This school runs only on the goodwill donations of random people. It costs $200 a week to feed the 60 students breakfast, oatmeal or cereal, and lunch, baleadas, spaghetti, etc. They rely on donations for books, supplies, etc. so we brought a suitcase full of notebooks, a wall clock, etc. that they needed. Some of the kids dont eat over the weekend and their meals come strictly from the school. Each of the children is also sponsored and if they cant be paid for by someone they just cant come to school so they are constantly looking for donations and ways for the kids to make money. If any of you are still in Vacation Bible School, valerie has a paypal account that money can be sent too for food for the kids! She herself gives all her money to the cause and lives on so little its astounding. It’s a very good place to give where you would actually see the money at work which is one of the reasons we came here is so we would be directly involved and not just for show, if that makes sense. Headed to bed. Slept amazingly in spite of the chattering geckos. Fell asleep to the sound of rain on the tin roof.I thought I’d do a first day post just to get some of the main stuff written down.

Saturday:

At 10 this morning Valerie took faith, alicia, and us on a tour of the east end of the island.

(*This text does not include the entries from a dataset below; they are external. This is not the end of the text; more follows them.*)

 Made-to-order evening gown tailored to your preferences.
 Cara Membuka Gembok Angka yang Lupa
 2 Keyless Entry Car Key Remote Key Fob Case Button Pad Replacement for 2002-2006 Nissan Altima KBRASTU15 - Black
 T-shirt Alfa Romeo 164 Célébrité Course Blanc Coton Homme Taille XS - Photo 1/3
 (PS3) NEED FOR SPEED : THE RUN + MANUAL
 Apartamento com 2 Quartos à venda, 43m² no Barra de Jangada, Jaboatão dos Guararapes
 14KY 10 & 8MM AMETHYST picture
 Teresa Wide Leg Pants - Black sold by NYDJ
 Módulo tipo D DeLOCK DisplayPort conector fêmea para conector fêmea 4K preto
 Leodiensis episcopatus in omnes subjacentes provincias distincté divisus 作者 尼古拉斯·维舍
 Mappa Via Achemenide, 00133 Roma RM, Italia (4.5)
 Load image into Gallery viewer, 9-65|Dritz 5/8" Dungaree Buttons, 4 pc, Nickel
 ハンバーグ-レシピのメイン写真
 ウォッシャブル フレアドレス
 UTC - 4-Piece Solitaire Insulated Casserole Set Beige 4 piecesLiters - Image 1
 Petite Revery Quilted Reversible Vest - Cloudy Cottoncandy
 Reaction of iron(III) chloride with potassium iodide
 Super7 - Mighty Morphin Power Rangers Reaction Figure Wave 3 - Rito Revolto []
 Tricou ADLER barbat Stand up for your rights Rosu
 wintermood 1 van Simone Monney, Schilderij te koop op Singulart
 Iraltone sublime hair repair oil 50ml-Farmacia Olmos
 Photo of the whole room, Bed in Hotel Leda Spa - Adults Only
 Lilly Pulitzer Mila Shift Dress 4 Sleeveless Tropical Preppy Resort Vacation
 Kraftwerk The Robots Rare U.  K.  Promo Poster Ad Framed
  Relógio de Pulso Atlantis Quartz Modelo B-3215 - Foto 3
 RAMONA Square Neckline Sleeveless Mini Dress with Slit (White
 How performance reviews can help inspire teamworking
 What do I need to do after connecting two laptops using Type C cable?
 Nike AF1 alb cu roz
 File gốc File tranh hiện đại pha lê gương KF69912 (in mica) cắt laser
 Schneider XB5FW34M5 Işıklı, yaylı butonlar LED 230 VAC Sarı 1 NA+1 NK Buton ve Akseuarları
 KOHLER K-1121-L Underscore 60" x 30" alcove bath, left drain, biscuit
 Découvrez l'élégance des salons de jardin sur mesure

The island from Coxen Hole (named for pirate John Coxen. Most of the towns on the island are named for the pirates that lived here in the 1700s. There were around 5,000 pirates here in the 1700s) east is mostly green jungle on hills with tiny villages here and there. While we drove valerie told us where different of the kids or women she helps live. She is a doula as well as taking care of everything else! Over half of the school children were born at Valerie’s house and lots of them have lived with her for varying amounts of time while stuff was sorted at their homes. We may get a baby at the compound at 2 am or a woman delivering or children. You never know. We had iced coffees at the “mall” and went to Megapaca which is a giant place where they get shipments from Value Village and Goodwill and sell it here super cheap. I scored a pair of basically new Birkenstocks for 10 bucks. Then we went to an iguana farm where they come and go as they please but there are over 4,000 iguanas on 12 acres. They grow to five feet long and I’m very proud to say we all held a smaller one. It sat on morgans head.

We ate at a little chicken place for lunch and stopped at one of Valerie’s clients and looked at jewelry she makes to make money. We got home and napped because humidity is tiring, and had spaghetti for supper outside on the deck. Our house is usually warmer than outside so I think we’ll eat out there lots. The cicadas are in the trees and stray dogs wander in and Jane’s beautiful children come say hi. I like it.